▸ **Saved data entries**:

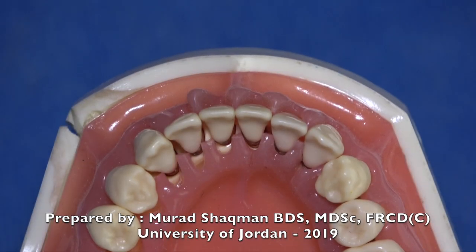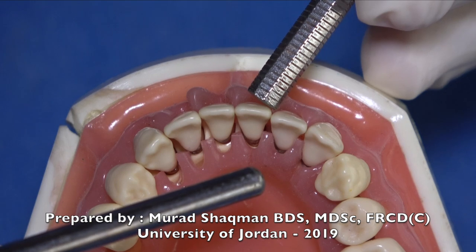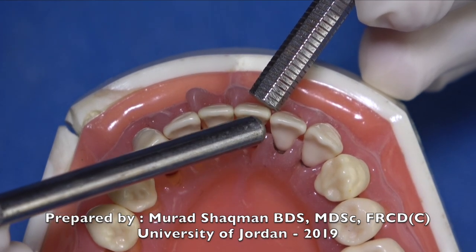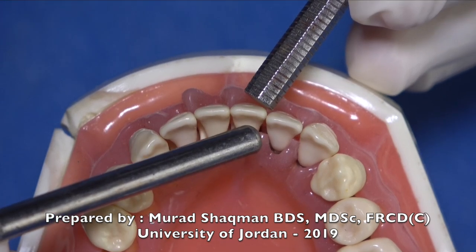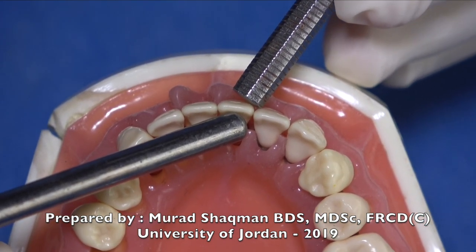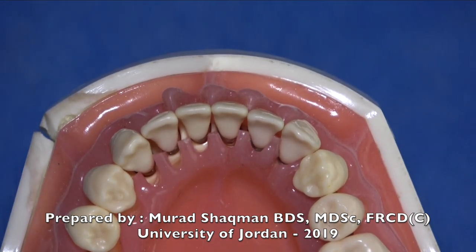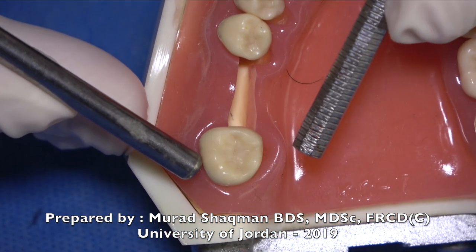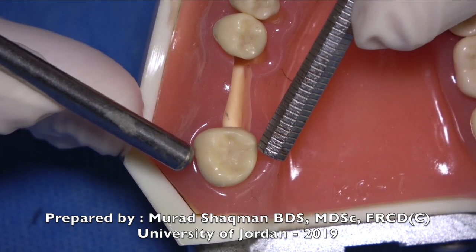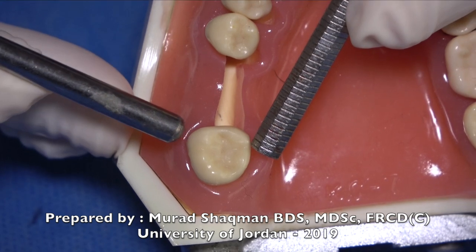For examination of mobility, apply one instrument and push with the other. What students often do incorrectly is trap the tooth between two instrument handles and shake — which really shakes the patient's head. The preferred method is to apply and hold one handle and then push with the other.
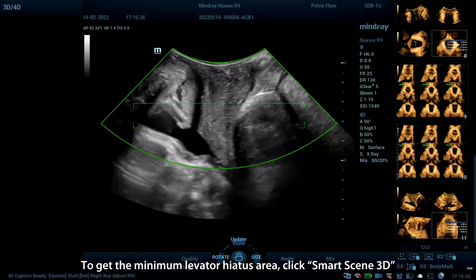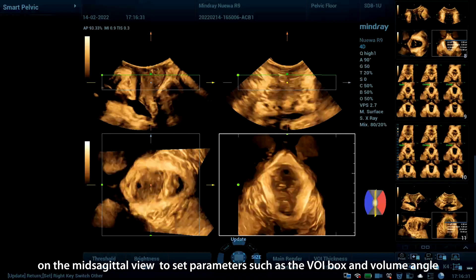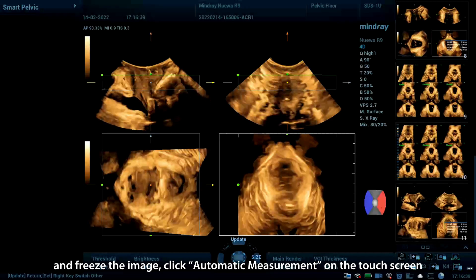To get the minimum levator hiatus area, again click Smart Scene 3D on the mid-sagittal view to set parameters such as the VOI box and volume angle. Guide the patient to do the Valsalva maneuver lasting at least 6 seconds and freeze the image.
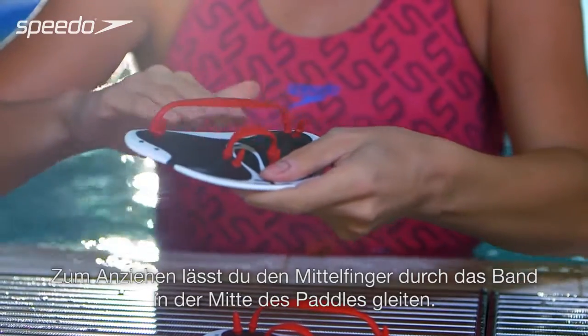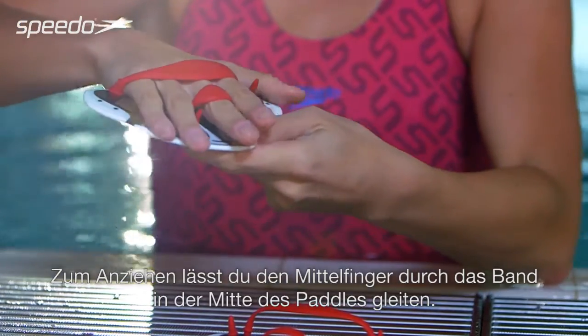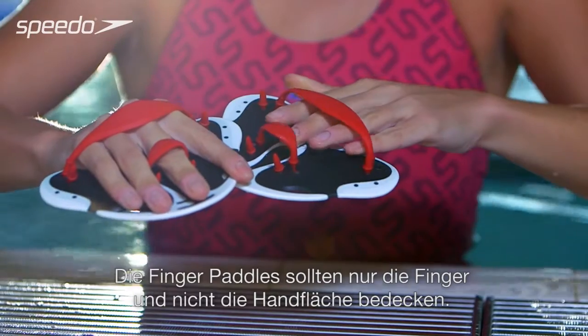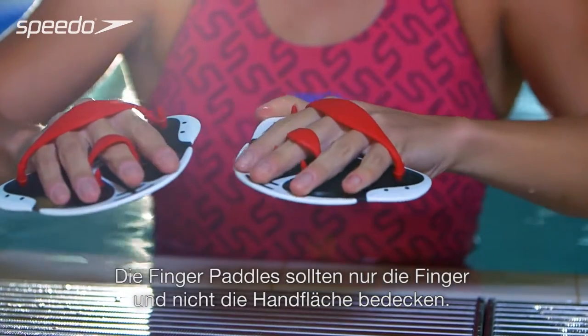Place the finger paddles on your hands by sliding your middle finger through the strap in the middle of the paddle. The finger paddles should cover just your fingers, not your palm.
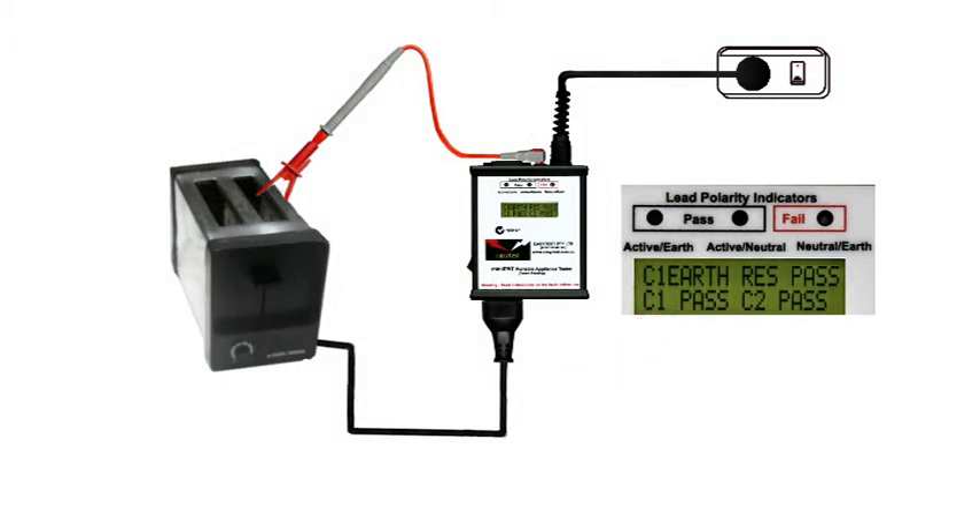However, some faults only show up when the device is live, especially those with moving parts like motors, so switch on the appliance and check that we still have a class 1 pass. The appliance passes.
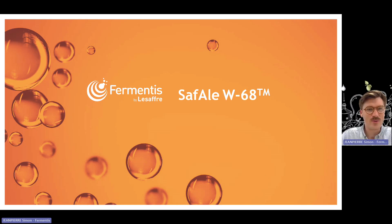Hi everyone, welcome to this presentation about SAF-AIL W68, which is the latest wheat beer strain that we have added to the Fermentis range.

▸ **EXERCISE DIRECTIONS**: Please give again only the lines from the one containing "Place the finger" through the last line of the entries above, exactly as they stand and without pictures.

▸ **RESPONSE TO THE EXERCISE**:
Place the finger paddles on your hands by sliding your middle finger through the strap in the middle of the paddle. The finger paddles should cover just your fingers, not your palm.
However, some faults only show up when the device is live, especially those with moving parts like motors, so switch on the appliance and check that we still have a class 1 pass. The appliance passes.
Hi everyone, welcome to this presentation about SAF-AIL W68, which is the latest wheat beer strain that we have added to the Fermentis range.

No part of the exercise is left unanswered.